**Assignment**
Under this line are records; the part from the line containing "Chicago Bulls Big" through the line containing "Percorso linea bus S3" should be repeated exactly. Please exclude pictures.

**Record excerpts**
_ _ _ _ _

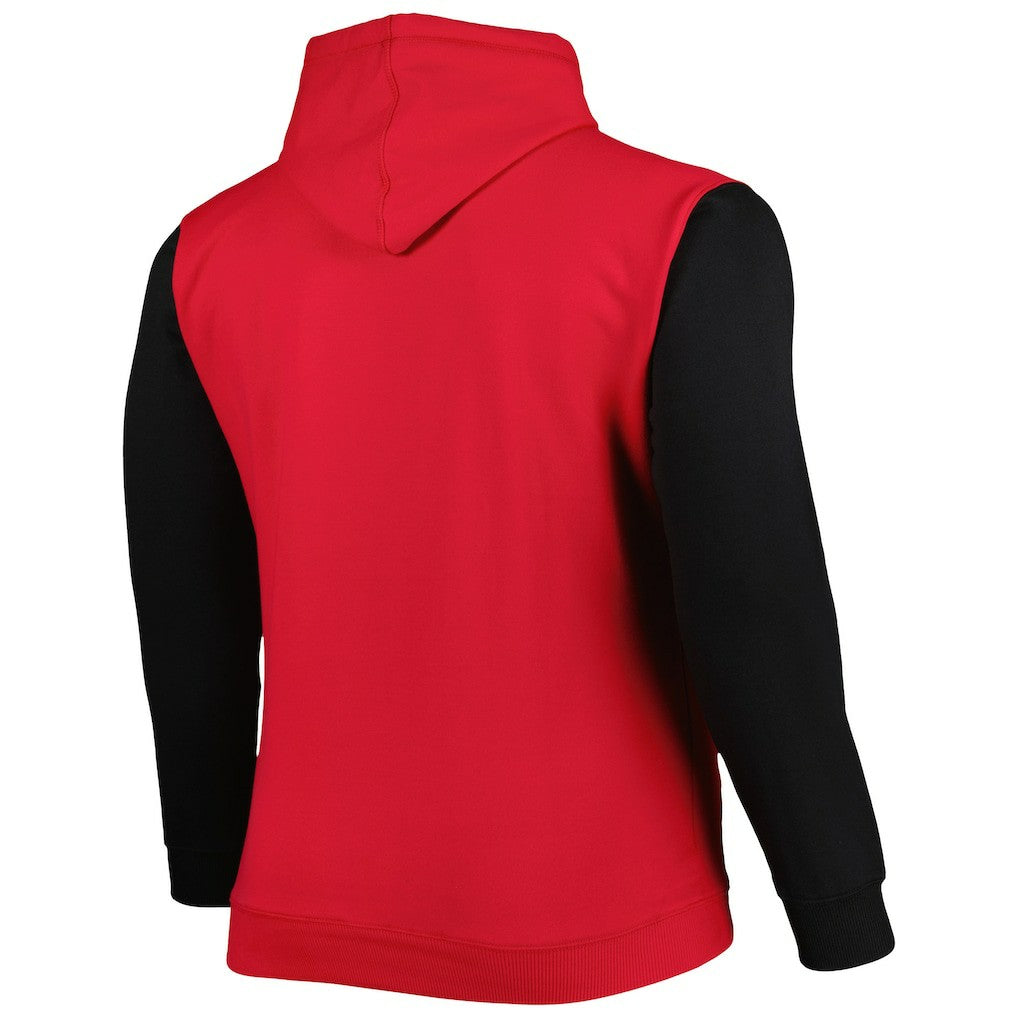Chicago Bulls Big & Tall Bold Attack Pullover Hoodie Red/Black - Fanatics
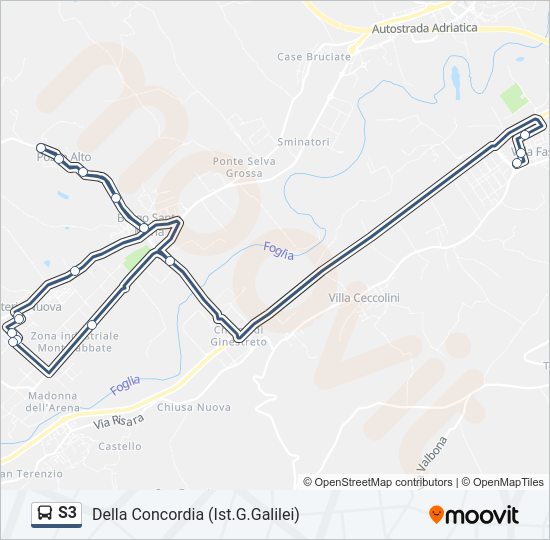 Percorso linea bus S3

_ _ _ _ _

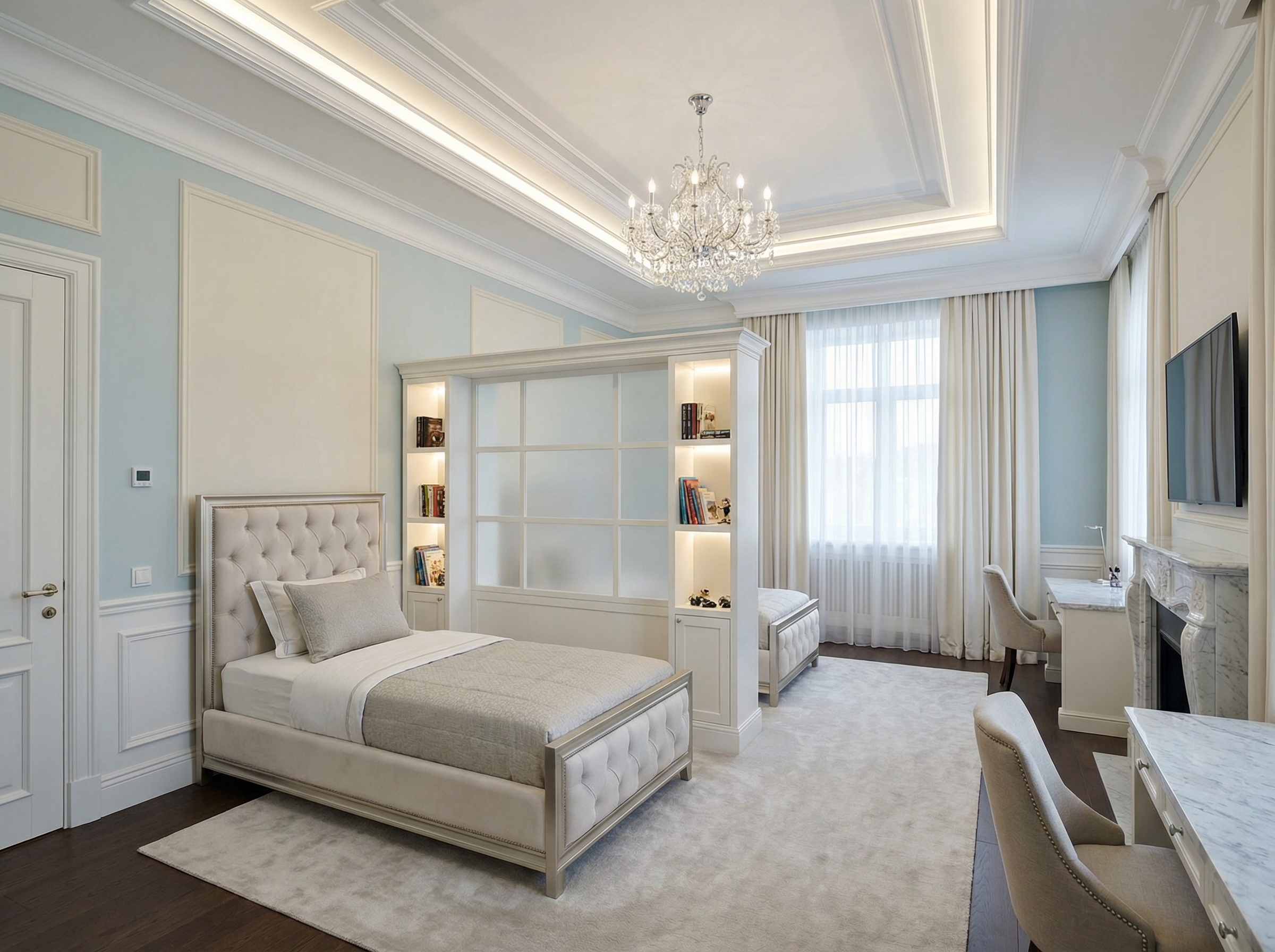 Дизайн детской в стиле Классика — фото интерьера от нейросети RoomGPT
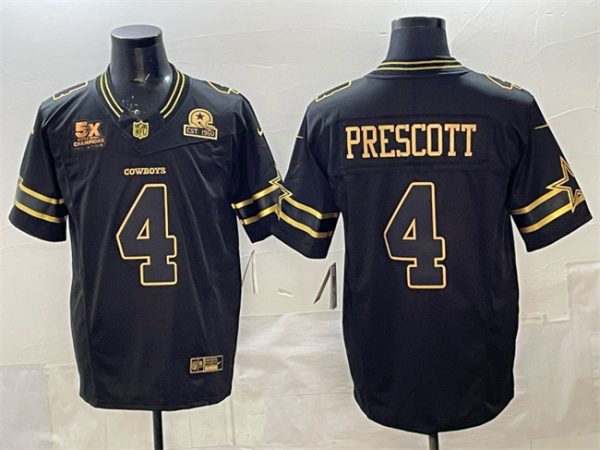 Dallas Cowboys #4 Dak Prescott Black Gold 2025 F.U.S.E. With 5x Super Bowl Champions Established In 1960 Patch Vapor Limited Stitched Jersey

_ _ _ _ _

**Solution for this problem**
Chicago Bulls Big & Tall Bold Attack Pullover Hoodie Red/Black - Fanatics
 Percorso linea bus S3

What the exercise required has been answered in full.